## About this task
A verbatim repeat of the lines below is required, with the pictures removed.

## The data
:::

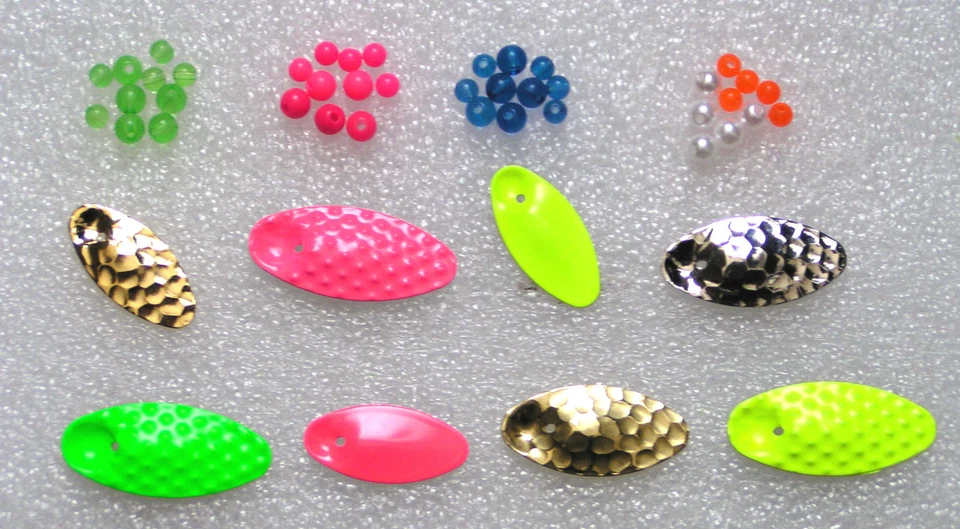 48 Teile Spinner bau,8 In-Line Spinner Blätter 3 Größe + 40 Kunstoff perle,Neu - Bild 1 von 2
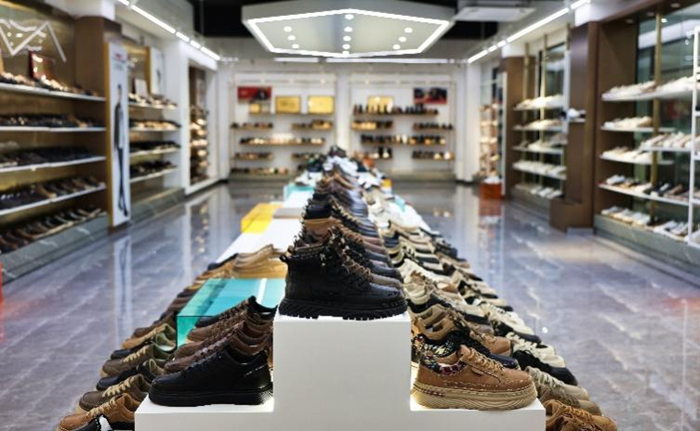 公牛世家等品牌借拼多多避开头部竞争实现年销额破亿。展钊 摄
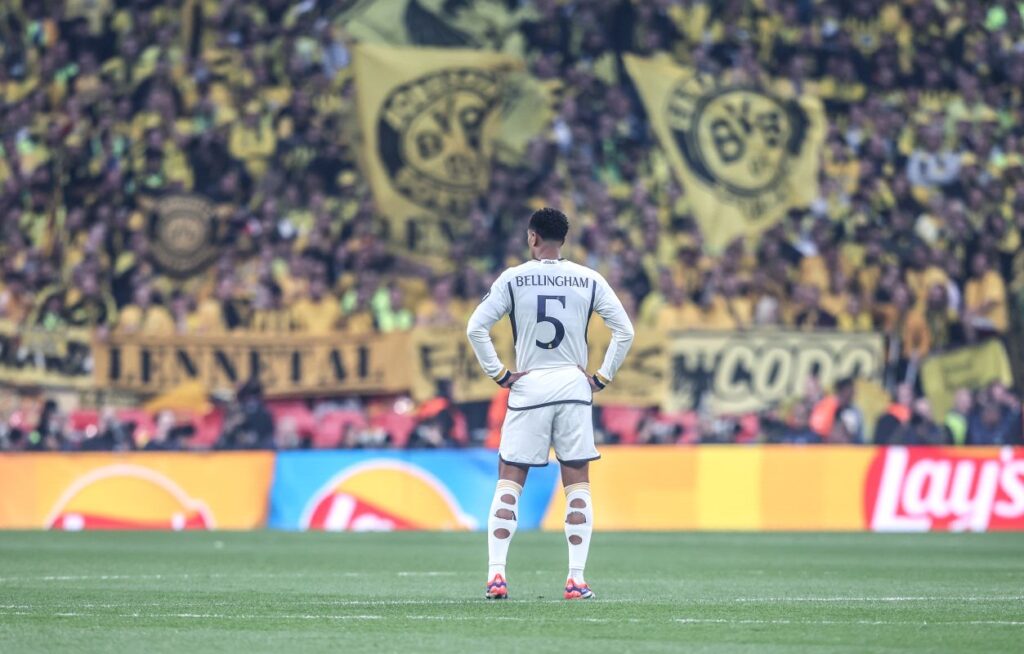 real-e-borussia-se-encontram-no-mundial-um-ano-apos-final-da-champions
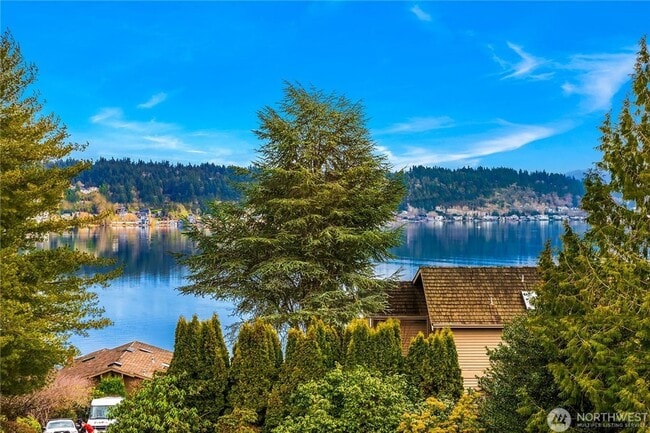 Building Photo - Beautiful Bellevue home with a View!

:::

## Answer to this task
 48 Teile Spinner bau,8 In-Line Spinner Blätter 3 Größe + 40 Kunstoff perle,Neu - Bild 1 von 2
 公牛世家等品牌借拼多多避开头部竞争实现年销额破亿。展钊 摄
 real-e-borussia-se-encontram-no-mundial-um-ano-apos-final-da-champions
 Building Photo - Beautiful Bellevue home with a View!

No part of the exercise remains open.